▶ **RECORDS PROVIDED**
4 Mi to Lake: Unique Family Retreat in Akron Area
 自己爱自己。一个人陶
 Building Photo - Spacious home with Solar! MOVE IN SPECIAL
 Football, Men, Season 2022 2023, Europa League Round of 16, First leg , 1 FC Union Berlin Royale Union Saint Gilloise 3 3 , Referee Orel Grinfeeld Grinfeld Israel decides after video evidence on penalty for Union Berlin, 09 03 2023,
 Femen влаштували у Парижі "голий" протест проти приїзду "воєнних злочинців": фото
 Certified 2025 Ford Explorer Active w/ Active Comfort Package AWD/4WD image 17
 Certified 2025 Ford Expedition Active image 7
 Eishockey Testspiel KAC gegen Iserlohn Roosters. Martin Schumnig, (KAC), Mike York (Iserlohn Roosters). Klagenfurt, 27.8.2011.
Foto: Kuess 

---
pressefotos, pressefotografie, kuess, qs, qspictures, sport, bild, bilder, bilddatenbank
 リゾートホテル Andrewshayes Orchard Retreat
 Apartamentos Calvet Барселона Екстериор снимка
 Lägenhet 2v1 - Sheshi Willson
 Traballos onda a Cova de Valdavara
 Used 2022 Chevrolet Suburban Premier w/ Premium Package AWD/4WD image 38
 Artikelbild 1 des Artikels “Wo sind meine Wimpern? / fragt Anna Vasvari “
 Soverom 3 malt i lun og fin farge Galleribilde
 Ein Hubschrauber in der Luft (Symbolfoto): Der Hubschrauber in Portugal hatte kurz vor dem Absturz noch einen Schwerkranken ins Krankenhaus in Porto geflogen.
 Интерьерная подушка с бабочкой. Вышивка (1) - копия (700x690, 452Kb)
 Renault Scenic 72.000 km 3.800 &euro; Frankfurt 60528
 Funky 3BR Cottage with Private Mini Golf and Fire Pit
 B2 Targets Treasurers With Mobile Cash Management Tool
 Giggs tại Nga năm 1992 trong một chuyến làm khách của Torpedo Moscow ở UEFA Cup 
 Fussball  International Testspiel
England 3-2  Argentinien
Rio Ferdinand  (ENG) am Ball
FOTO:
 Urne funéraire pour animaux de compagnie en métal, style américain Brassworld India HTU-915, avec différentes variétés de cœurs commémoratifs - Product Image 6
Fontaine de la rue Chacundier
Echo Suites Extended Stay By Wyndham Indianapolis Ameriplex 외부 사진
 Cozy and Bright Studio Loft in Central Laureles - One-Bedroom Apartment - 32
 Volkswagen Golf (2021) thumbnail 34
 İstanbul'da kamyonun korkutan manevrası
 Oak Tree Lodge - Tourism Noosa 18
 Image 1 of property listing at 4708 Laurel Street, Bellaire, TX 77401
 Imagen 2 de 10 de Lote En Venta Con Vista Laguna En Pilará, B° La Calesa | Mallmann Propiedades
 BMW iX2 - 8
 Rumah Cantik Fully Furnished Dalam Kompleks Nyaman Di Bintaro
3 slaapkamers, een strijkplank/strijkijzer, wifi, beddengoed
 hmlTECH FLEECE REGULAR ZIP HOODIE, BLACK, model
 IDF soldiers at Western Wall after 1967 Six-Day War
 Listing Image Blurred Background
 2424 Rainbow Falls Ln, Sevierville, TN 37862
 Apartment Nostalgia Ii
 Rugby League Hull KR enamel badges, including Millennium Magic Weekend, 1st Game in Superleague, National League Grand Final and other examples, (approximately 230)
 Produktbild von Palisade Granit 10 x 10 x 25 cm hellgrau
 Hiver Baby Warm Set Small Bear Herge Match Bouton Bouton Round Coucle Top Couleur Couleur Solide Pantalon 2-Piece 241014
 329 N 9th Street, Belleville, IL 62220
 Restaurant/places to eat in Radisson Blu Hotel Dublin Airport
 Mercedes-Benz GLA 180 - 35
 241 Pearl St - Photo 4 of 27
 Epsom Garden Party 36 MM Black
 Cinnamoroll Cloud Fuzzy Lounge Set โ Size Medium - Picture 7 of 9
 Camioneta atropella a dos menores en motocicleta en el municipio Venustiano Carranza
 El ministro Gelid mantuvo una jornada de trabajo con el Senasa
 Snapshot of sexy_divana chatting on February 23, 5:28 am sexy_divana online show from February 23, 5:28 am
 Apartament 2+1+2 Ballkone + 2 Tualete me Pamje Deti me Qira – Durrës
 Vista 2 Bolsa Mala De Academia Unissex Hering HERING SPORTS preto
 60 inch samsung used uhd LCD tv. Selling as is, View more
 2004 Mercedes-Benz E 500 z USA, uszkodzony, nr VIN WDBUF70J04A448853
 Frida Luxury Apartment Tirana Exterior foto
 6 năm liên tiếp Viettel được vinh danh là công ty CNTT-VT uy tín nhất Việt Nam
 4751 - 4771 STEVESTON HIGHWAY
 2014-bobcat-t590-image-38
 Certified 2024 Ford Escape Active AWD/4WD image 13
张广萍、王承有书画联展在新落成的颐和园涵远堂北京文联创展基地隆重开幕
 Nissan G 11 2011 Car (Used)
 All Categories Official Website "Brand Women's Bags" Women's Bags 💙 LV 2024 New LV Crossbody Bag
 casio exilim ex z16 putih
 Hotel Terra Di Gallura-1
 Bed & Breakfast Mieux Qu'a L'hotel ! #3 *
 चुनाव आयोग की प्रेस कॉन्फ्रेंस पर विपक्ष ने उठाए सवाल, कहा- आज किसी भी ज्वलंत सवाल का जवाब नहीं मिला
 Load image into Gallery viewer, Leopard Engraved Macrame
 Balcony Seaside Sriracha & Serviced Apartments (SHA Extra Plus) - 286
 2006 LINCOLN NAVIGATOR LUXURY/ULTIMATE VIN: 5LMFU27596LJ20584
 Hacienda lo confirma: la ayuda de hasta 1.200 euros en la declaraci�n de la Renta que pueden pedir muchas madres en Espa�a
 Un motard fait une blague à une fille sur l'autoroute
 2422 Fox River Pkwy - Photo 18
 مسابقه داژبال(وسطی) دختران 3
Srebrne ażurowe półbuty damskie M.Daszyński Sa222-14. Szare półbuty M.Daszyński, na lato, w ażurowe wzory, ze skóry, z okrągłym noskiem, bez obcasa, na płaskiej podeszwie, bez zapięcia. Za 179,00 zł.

▶ **WHAT YOU HAVE TO DO**
Word for word, print every line above.

▶ **EXERCISE OUTPUT**
4 Mi to Lake: Unique Family Retreat in Akron Area
 自己爱自己。一个人陶
 Building Photo - Spacious home with Solar! MOVE IN SPECIAL
 Football, Men, Season 2022 2023, Europa League Round of 16, First leg , 1 FC Union Berlin Royale Union Saint Gilloise 3 3 , Referee Orel Grinfeeld Grinfeld Israel decides after video evidence on penalty for Union Berlin, 09 03 2023,
 Femen влаштували у Парижі "голий" протест проти приїзду "воєнних злочинців": фото
 Certified 2025 Ford Explorer Active w/ Active Comfort Package AWD/4WD image 17
 Certified 2025 Ford Expedition Active image 7
 Eishockey Testspiel KAC gegen Iserlohn Roosters. Martin Schumnig, (KAC), Mike York (Iserlohn Roosters). Klagenfurt, 27.8.2011.
Foto: Kuess 

---
pressefotos, pressefotografie, kuess, qs, qspictures, sport, bild, bilder, bilddatenbank
 リゾートホテル Andrewshayes Orchard Retreat
 Apartamentos Calvet Барселона Екстериор снимка
 Lägenhet 2v1 - Sheshi Willson
 Traballos onda a Cova de Valdavara
 Used 2022 Chevrolet Suburban Premier w/ Premium Package AWD/4WD image 38
 Artikelbild 1 des Artikels “Wo sind meine Wimpern? / fragt Anna Vasvari “
 Soverom 3 malt i lun og fin farge Galleribilde
 Ein Hubschrauber in der Luft (Symbolfoto): Der Hubschrauber in Portugal hatte kurz vor dem Absturz noch einen Schwerkranken ins Krankenhaus in Porto geflogen.
 Интерьерная подушка с бабочкой. Вышивка (1) - копия (700x690, 452Kb)
 Renault Scenic 72.000 km 3.800 &euro; Frankfurt 60528
 Funky 3BR Cottage with Private Mini Golf and Fire Pit
 B2 Targets Treasurers With Mobile Cash Management Tool
 Giggs tại Nga năm 1992 trong một chuyến làm khách của Torpedo Moscow ở UEFA Cup 
 Fussball  International Testspiel
England 3-2  Argentinien
Rio Ferdinand  (ENG) am Ball
FOTO:
 Urne funéraire pour animaux de compagnie en métal, style américain Brassworld India HTU-915, avec différentes variétés de cœurs commémoratifs - Product Image 6
Fontaine de la rue Chacundier
Echo Suites Extended Stay By Wyndham Indianapolis Ameriplex 외부 사진
 Cozy and Bright Studio Loft in Central Laureles - One-Bedroom Apartment - 32
 Volkswagen Golf (2021) thumbnail 34
 İstanbul'da kamyonun korkutan manevrası
 Oak Tree Lodge - Tourism Noosa 18
 Image 1 of property listing at 4708 Laurel Street, Bellaire, TX 77401
 Imagen 2 de 10 de Lote En Venta Con Vista Laguna En Pilará, B° La Calesa | Mallmann Propiedades
 BMW iX2 - 8
 Rumah Cantik Fully Furnished Dalam Kompleks Nyaman Di Bintaro
3 slaapkamers, een strijkplank/strijkijzer, wifi, beddengoed
 hmlTECH FLEECE REGULAR ZIP HOODIE, BLACK, model
 IDF soldiers at Western Wall after 1967 Six-Day War
 Listing Image Blurred Background
 2424 Rainbow Falls Ln, Sevierville, TN 37862
 Apartment Nostalgia Ii
 Rugby League Hull KR enamel badges, including Millennium Magic Weekend, 1st Game in Superleague, National League Grand Final and other examples, (approximately 230)
 Produktbild von Palisade Granit 10 x 10 x 25 cm hellgrau
 Hiver Baby Warm Set Small Bear Herge Match Bouton Bouton Round Coucle Top Couleur Couleur Solide Pantalon 2-Piece 241014
 329 N 9th Street, Belleville, IL 62220
 Restaurant/places to eat in Radisson Blu Hotel Dublin Airport
 Mercedes-Benz GLA 180 - 35
 241 Pearl St - Photo 4 of 27
 Epsom Garden Party 36 MM Black
 Cinnamoroll Cloud Fuzzy Lounge Set โ Size Medium - Picture 7 of 9
 Camioneta atropella a dos menores en motocicleta en el municipio Venustiano Carranza
 El ministro Gelid mantuvo una jornada de trabajo con el Senasa
 Snapshot of sexy_divana chatting on February 23, 5:28 am sexy_divana online show from February 23, 5:28 am
 Apartament 2+1+2 Ballkone + 2 Tualete me Pamje Deti me Qira – Durrës
 Vista 2 Bolsa Mala De Academia Unissex Hering HERING SPORTS preto
 60 inch samsung used uhd LCD tv. Selling as is, View more
 2004 Mercedes-Benz E 500 z USA, uszkodzony, nr VIN WDBUF70J04A448853
 Frida Luxury Apartment Tirana Exterior foto
 6 năm liên tiếp Viettel được vinh danh là công ty CNTT-VT uy tín nhất Việt Nam
 4751 - 4771 STEVESTON HIGHWAY
 2014-bobcat-t590-image-38
 Certified 2024 Ford Escape Active AWD/4WD image 13
张广萍、王承有书画联展在新落成的颐和园涵远堂北京文联创展基地隆重开幕
 Nissan G 11 2011 Car (Used)
 All Categories Official Website "Brand Women's Bags" Women's Bags 💙 LV 2024 New LV Crossbody Bag
 casio exilim ex z16 putih
 Hotel Terra Di Gallura-1
 Bed & Breakfast Mieux Qu'a L'hotel ! #3 *
 चुनाव आयोग की प्रेस कॉन्फ्रेंस पर विपक्ष ने उठाए सवाल, कहा- आज किसी भी ज्वलंत सवाल का जवाब नहीं मिला
 Load image into Gallery viewer, Leopard Engraved Macrame
 Balcony Seaside Sriracha & Serviced Apartments (SHA Extra Plus) - 286
 2006 LINCOLN NAVIGATOR LUXURY/ULTIMATE VIN: 5LMFU27596LJ20584
 Hacienda lo confirma: la ayuda de hasta 1.200 euros en la declaraci�n de la Renta que pueden pedir muchas madres en Espa�a
 Un motard fait une blague à une fille sur l'autoroute
 2422 Fox River Pkwy - Photo 18
 مسابقه داژبال(وسطی) دختران 3
Srebrne ażurowe półbuty damskie M.Daszyński Sa222-14. Szare półbuty M.Daszyński, na lato, w ażurowe wzory, ze skóry, z okrągłym noskiem, bez obcasa, na płaskiej podeszwie, bez zapięcia. Za 179,00 zł.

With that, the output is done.